We stopped at a low building with a grimy front and harbor water swilling at the back. The sign shone in the streetlight, spotless, as though the name were all the owner cared about. Six White Ships it said, and we went inside.
Lamps cast leaping shadows around a room full of laughing folk deep in their cups. Hal weaved his way through, and Nefer tightened his hold on my legs.
Hal stopped in the back of the tavern at a wooden door without a handle. He performed a complicated knock with all five of his knuckles. The door opened a crack. “Aibelde twy eaor cair,” he whispered inside.
A small girl with a head of wild black hair opened the door and ushered us through into a dark and cavernous room––a boathouse of some sort. A water gate winked at the back, and the harbor crept through, and lapped at a wooden landing spread with tables. At these sat a number of people, who stopped in mid discussion to eye us suspiciously.
“Is it true?” said a stout man with a full, black beard. “Ederach’s dead? Mother Chaos and her frozen tits! How’re we to do without his letters? That’s the on’y reason we know they’re aiming to hang Nat at first light to––”
“Hold your gob.” The black-haired girl pounded a tankard on the table.
“Bequen,” said the hooded man to the girl, “this one saw it.” He pointed to me. “So she said.” He threw off his cowl; he’d a Rielde head of curling blond. All the eyes in the room locked onto my face.
Hal jabbed him with his bow. “And I will do the interrogating, if there must be any.” He gave his fiddle to the Rielde, and said to Nefer, “I won’t hurt her, and it will only be me.”
I pulled at Nefer’s shirt, and he set me down. Hal called for a bucket of water and bar of soap. Someone went and fetched them, and Hal led me down a little stone arm of the jetty. He pulled me into a side room, and shut the door.
He looked me up and down. Then he turned away, because he had begun to cry.
“My poor girl,” he said. Looking at my reflection in the window I though ‘poor’ was a bit terse of him. Then I remembered what Mordan had thought, that this man had given us up to the Queen.
“How’re you still alive?” I said. “She gets rid of everyone she uses, don’t she?” My limbs jerked, and to top off the night’s events, I burst into tears.
“Reyna, look, you think––” He frowned and ran his hands through his grey hair. He knelt in front of me. “I never thought bitterly about what happened. In fact, I needed a well-earned break. Your father thought so, too.
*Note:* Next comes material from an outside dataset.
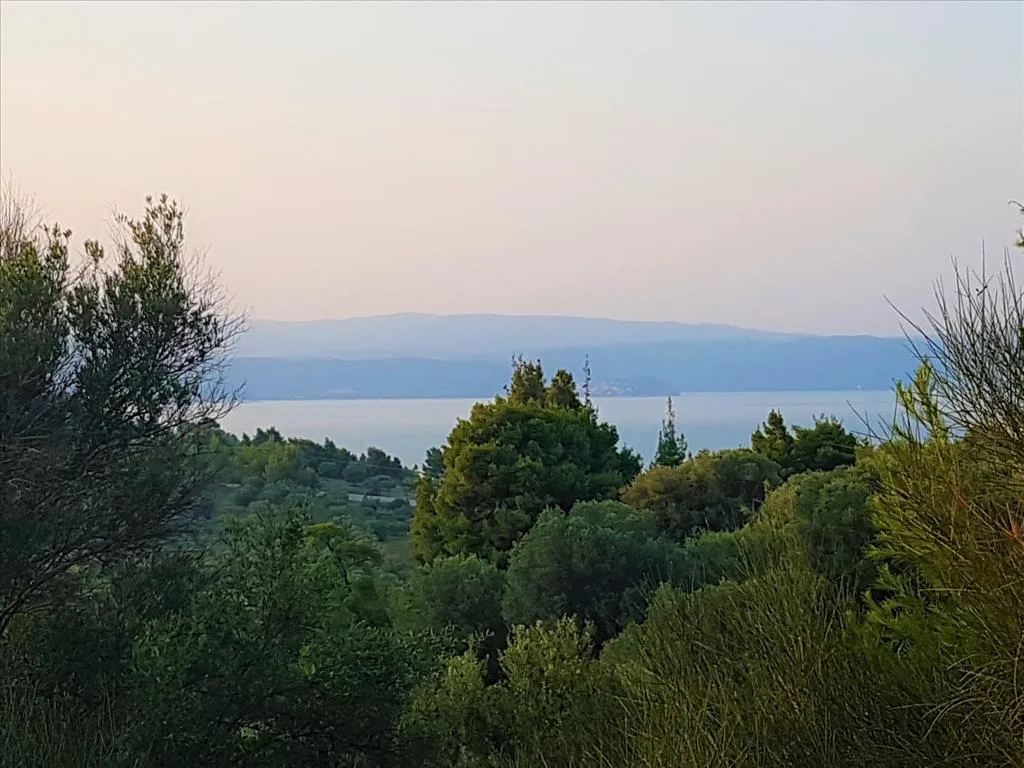 οικόπεδο προς πώληση 3350 τ.μ Σιθωνία Χαλκιδική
“But you must believe––I’d never have done anything to harm you and your brothers, and if Mordan has come to some mooncalf conclusion, I beg you rethink it. You will remain my secret, if you wish. But what has befallen the others?” He looked me straight in the eye as he spoke, and I stopped trembling. “You won’t say anything.”
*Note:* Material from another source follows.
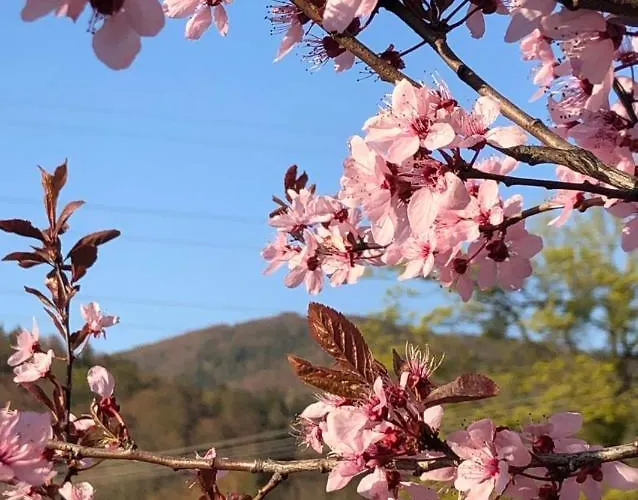 Pod Czantoria * أوسترون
“People are dumb,” I said. “And mean.”
He dipped his kerchief in the water and blotted blood from the gash on my cheek. I pulled away, and he drew me back. “Sure. But the folk who threw stones are already regretting it, I bet.”
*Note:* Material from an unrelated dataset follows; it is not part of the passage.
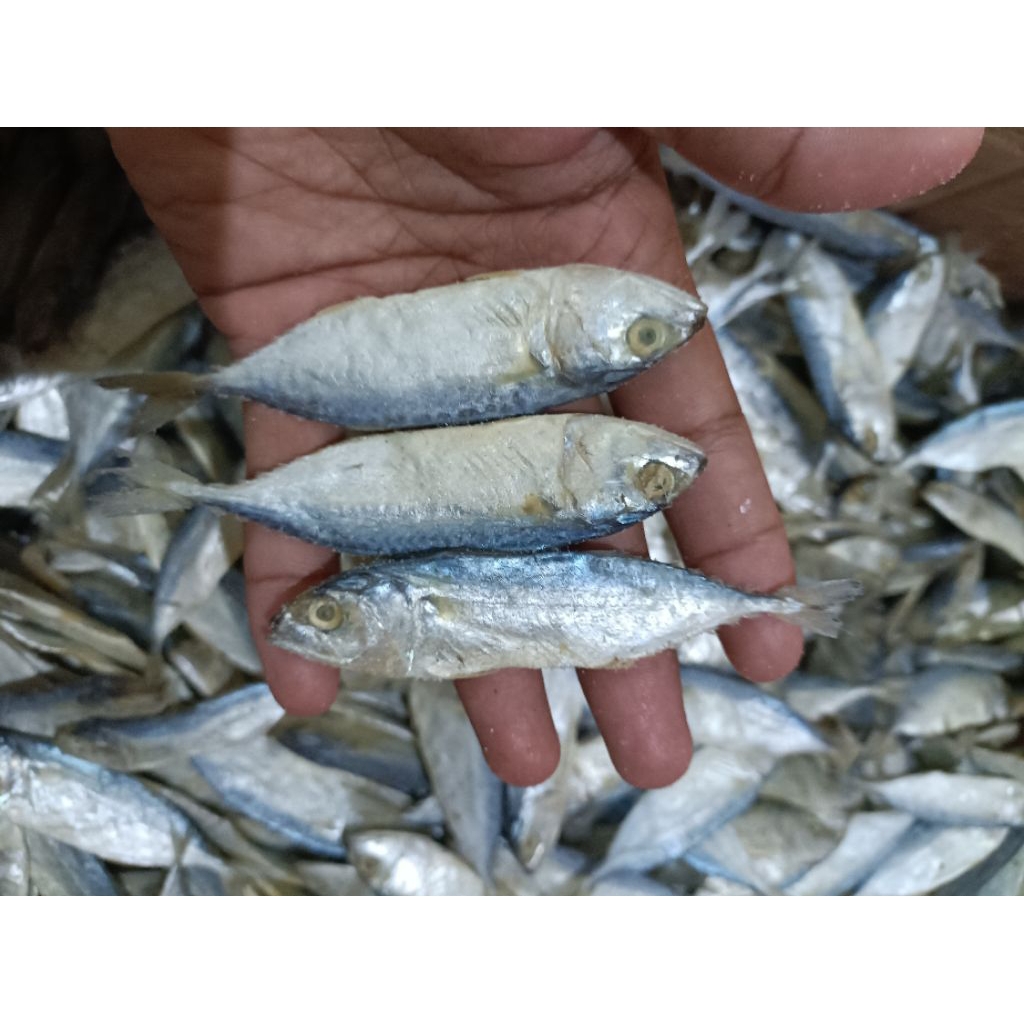 ikan peda kering 1 kg /ikan kembung kering / ikan peda PREMIUM TERMURAH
“Should’ve thrown stones at the right people. All them in charge. They’re dumber and meaner than a sack of eels.”
“They’d throw back worse than stones.”
“So?” I thought of the sign: Six White Ships. “You’re the White Ship rebels, ain’t you? You get the letters.”
He looked up quickly, so I must have been correct. “You know about the letters,” he said. “There haven’t been many lately. Will there be more?” His eyes were very bright.
“Yes,” I said stubbornly.
I opened the door and left him standing with his old musician’s hands wound round a bloody kerchief.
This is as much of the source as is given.